Non mi occupo qui del problema della scelta del sesso
psicologico alle elementari o alle medie, quando la fanciullezza e la preadolescenza
possono giocare scherzi notevoli al proposito, appunto non me ne occupo in
questa riflessione in cui mi sono occupata della semantica grammaticale di
genere estesa ai documenti, agli appellativi illocutivi e ai nomi aggiunti con
il ‘detto’ e ‘detta’, semantica degli asterischi e dei nascondimenti da me assolutamente
rifiutata su base del pensiero oggettivamente democratico e logico. In un’epoca
di trasparenza, almeno dichiarata e richiesta in ogni settore, proprio il nascondimento
dell’identità sessuale, somatica o genetica e di conseguenza anagrafica, ritengo
sia, anzi debba essere inaccettabile a tutti i livelli.

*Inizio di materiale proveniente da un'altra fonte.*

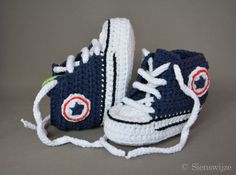 a pair of crocheted shoes with white laces on the bottom and blue soles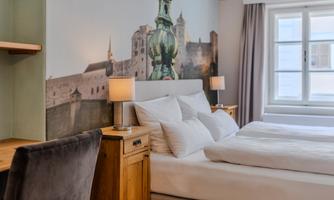 A modern bedroom with a cozy double bed and a stylish nightstand. In the background, a picturesque wall design is visible, showing a city view.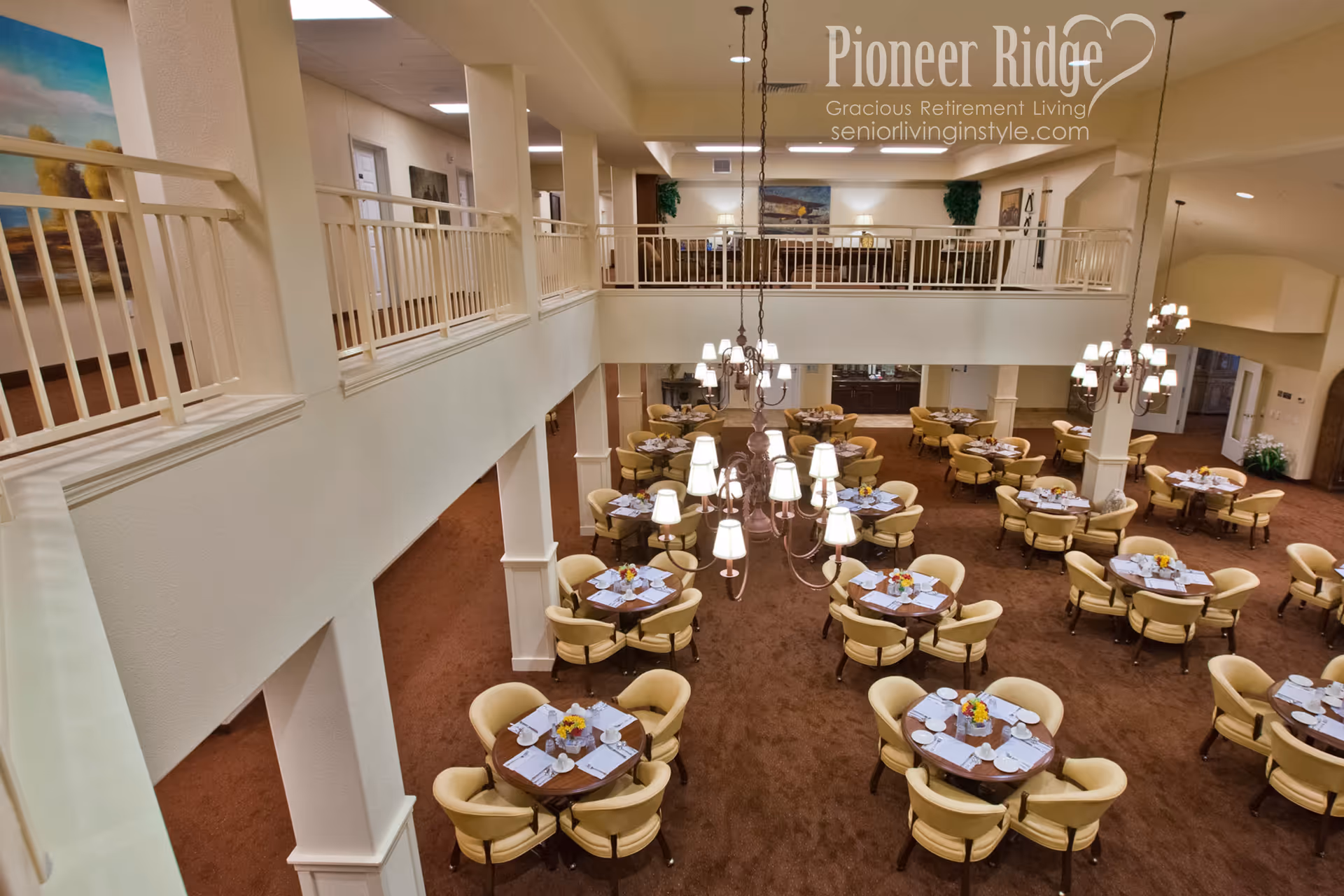 A spacious dining room in a retirement living facility with multiple round tables, each surrounded by comfortable beige chairs. The tables are set with placemats, napkins, cups, and small flower arrangements. The room features warm lighting from chandeliers hanging from the ceiling, and there is a second-floor balcony overlooking the dining area. The walls are decorated with paintings and plants, creating a cozy and inviting atmosphere.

Per altro, nella fattispecie, c’è tuttavia un problema
non da poco da tenere presente: la situazione generale di non comprensione
della semantica relativa al concetto e termine diritto. Nessuno toglie
alle persone il sacrosanto diritto di sentirsi uomini o donne a prescindere dal
loro sesso somatico o genetico e a essere riconosciuti come preferiscano, ma
questo diritto non può causare possibili disfunzioni pratiche e concettuali,
danni dovuti alla confusione possibile nella società, danni nella cultura umana
che potrebbe così venire sottoposta, sottilmente e subliminalmente, a un
trattamento di globalizzazione di genere a livello micro- e macroscopico degli
individui e dei popoli deprivati in parte, nel tempo medio, del senso unitario
dato da una forte e unica identità – non tutti sono Giulio Cesare –, la quale a
me pare un buon mezzo per rafforzare e non per indebolire la salute mentale di
ciascuno. Inoltre non riesco a evitare di ritenere che dando questo tipo di
cosiddetta libertà sessuale agli individui, si dia loro un giocattolo adatto a
soddisfarli e a fare perdere tempo, prezioso tempo, ciò portando via troppo
spazio a interessi, mi si conceda, ben più validi che asterischi o fluidità di
genere. L’identità sessuale è una composizione di sfumature in varie
proporzioni nella quale una prevale sulle altre – lasciando perdere qui ogni
approfondimento della questione del prevalere nell’ambito –, non è mai né può
essere mai del tutto unitaria psicologicamente e questo è un dato di fatto,
consciamente o inconsciamente presente, in tutti, ma ciò non può rischiare di
diventare il diversivo per eccellenza, un po’come il cibo che, se assunto a
volontà, dà una soddisfazione che copre magari tutte le altre possibili o molte
altre possibili soddisfazioni, più interessanti e utili al progresso del
singolo e dell’umanità. Per chiarire: non solo il cibo, ma anche il sesso
divenuto gioco dominante – lasciando qui stare tutti gli altri giochi possibili
– può indebolire il desiderio di foscoliane ‘egregie cose’ attraverso una falsa
soddisfazione onnivalente e a buon mercato, molto a buon mercato, così che
terribilmente il gioco con il sesso e con le illusioni a questo collegate sprechi
o smorzi le forze migliori di ciascuno. Si tratta di priorità e credo che le
foscoliane ‘egregie cose’, come tensione ad esse ed eventuali realizzazioni,
debbano avere la priorità per il bene di tutti, per un senso più alto di
democrazia e di progresso nel contesto di diritti e di doveri.
Per concludere: meglio dell’inaccettabile asterisco
che nasconde, ben vengano ‘detto’ e ‘detta’ nei documenti, come più sopra, così
che sia tutto trasparente e onorevole, alla luce del sole e non oscurato
assurdamente aumentando la confusione e l’equivoco identitario.